Unfortunately, these institutions – particularly the TRI, the RRI or RRDI — lack sufficient financial support to develop answers to modern-day needs. While R&D is considered a key element in the progress of a nation, in Sri Lanka there is nary a mention in the media about these research institutes because they are considered not important enough. The Business Times recently carried a series of articles highlighting the plight of the RRI and related state rubber agencies. In one, Dr. L.M.K. Tillekeratne, former RRI Director, spoke of the role played by RRI scientists to convert rubber plantations in Myanmar and Cambodia to overtake total rubber production in Sri Lanka in less than a decade, while in Sri Lanka the RRI gets slipshod treatment. The same treatment applies to the TRI, particularly at a time when plantations are “getting the works” – struggling to survive due to a decades-old model governed by wages, poor yields and the ban on weedicides. Agriculture expert, Prof. C.S. Weeraratne in a newspaper article on Friday opposed the import of cheap quality tea – a demand by some tea exporters – saying such a move will kill an industry that was built on producing the best quality tea in the world. The folly of importing cheaper quality teas for re-export as a blended product has also been vigorously opposed by veteran producer Merrill J. Fernando, whose Dilmah tea sells as a pure Sri Lankan origin tea in 100 countries and is Sri Lanka’s only known brand in the world. Challenged to a public duel (read: public debate) by the tea-import lobby on the advantages or disadvantages of importing tea, Merrill (always relishing a challenge even at the age of 80+ years), is prepared. “I am ready for a public debate. Let them come,” he says.

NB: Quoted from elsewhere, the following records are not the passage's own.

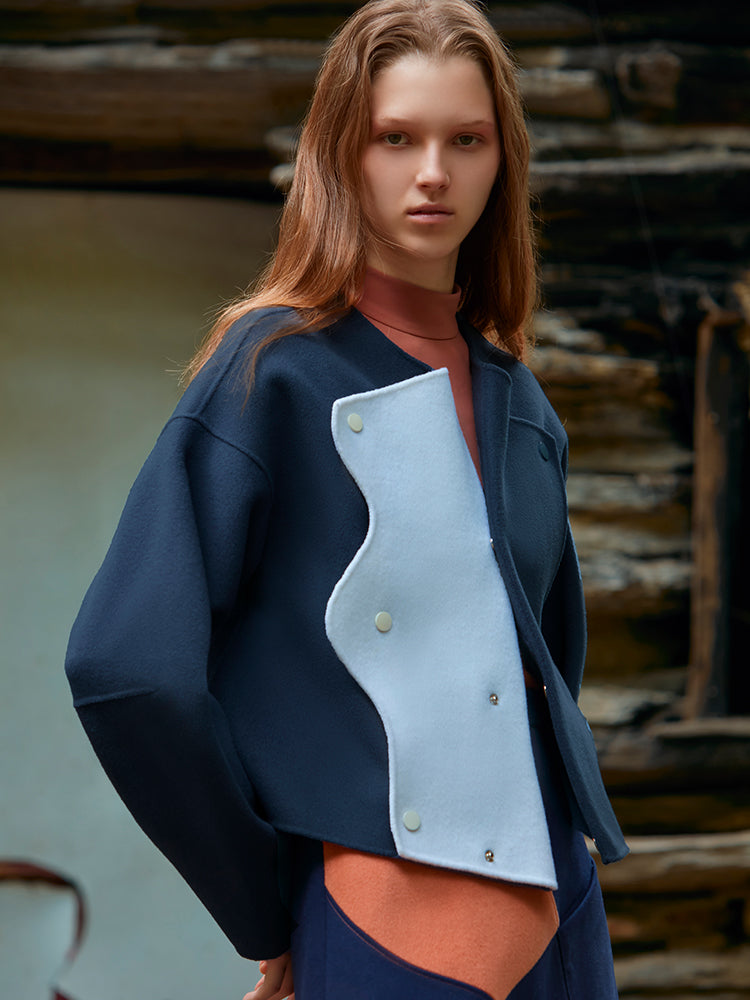 COLOR BLOCK CURVED LAPEL WOOL COAT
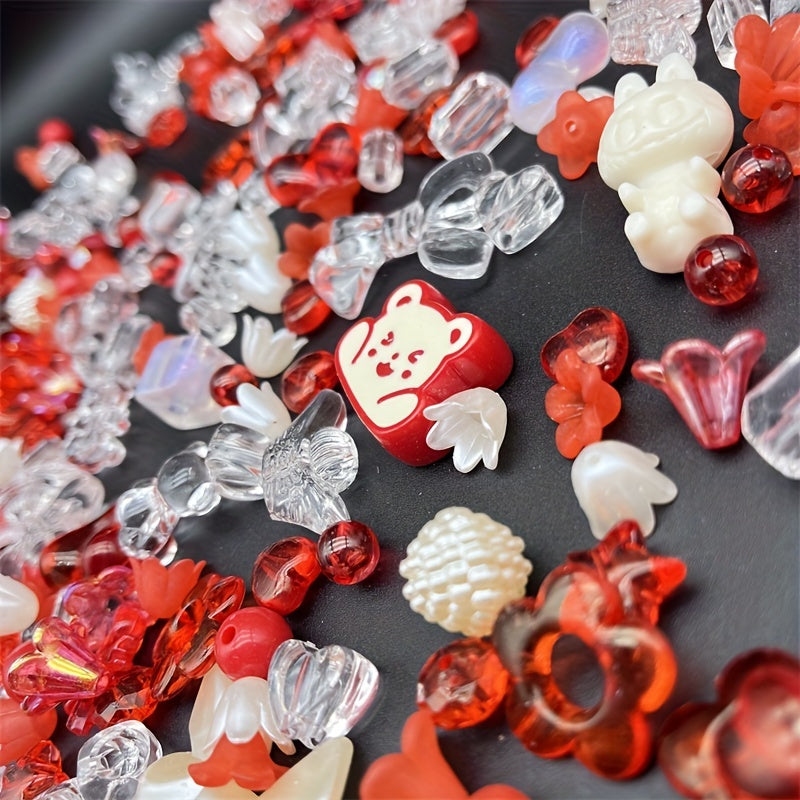 50g Transparent Solid Mixed Beads Bulk DIY Bracelet Necklace Material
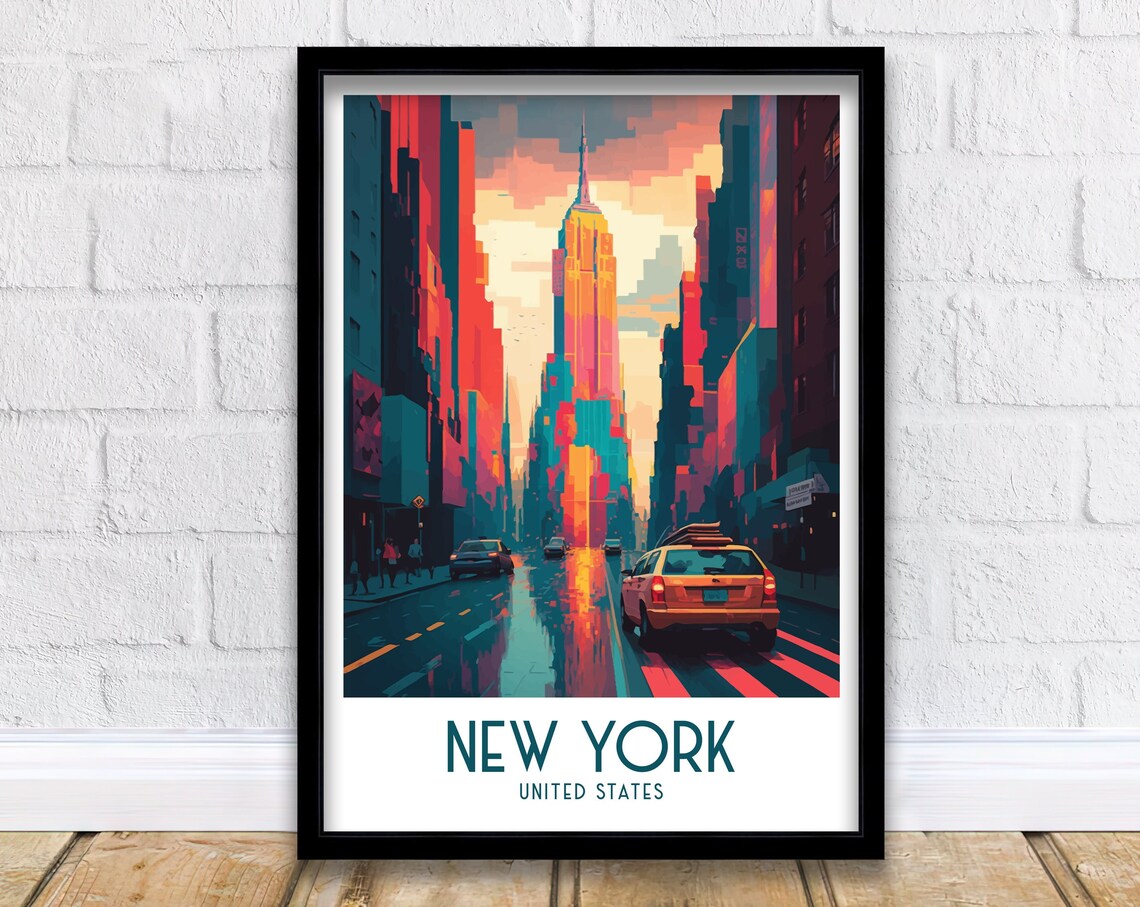 New York Travel Poster, NYC Illustration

Sri Lanka’s state-funded research community is comparable to the best in the world but lacks financial clout and stature to cross new borders in the research arena. This is not the case in terms of the plethora of market research and privately-led agencies that are more focused on consumer buying trends and patterns of spending or privately-funded research agencies that rely on non-state funds. And not forgetting new agencies like Verite Research which is, in fact, drawing attention even from state agencies, which unfortunately choose to ignore their own research units.

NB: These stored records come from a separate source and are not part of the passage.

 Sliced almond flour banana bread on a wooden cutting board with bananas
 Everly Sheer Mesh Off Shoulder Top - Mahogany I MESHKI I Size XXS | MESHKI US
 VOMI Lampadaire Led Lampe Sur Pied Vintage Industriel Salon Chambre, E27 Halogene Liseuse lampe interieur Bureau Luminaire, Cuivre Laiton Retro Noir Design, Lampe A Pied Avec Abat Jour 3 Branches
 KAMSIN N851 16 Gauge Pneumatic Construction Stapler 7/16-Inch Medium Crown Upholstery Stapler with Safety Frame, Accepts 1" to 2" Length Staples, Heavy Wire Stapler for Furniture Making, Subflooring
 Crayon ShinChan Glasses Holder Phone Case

If not this time, the authorities should – at least in the next budget — seriously consider paying more attention and money on R&D. The nation’s future – blessed with an abundance of nature and natural resources that most countries don’t have — lies in finding answers to the country’s food mix, nutritional content vis-à-vis costly farming and production methods and technological advances in industry and commerce which can only come from investing adequately on research and development.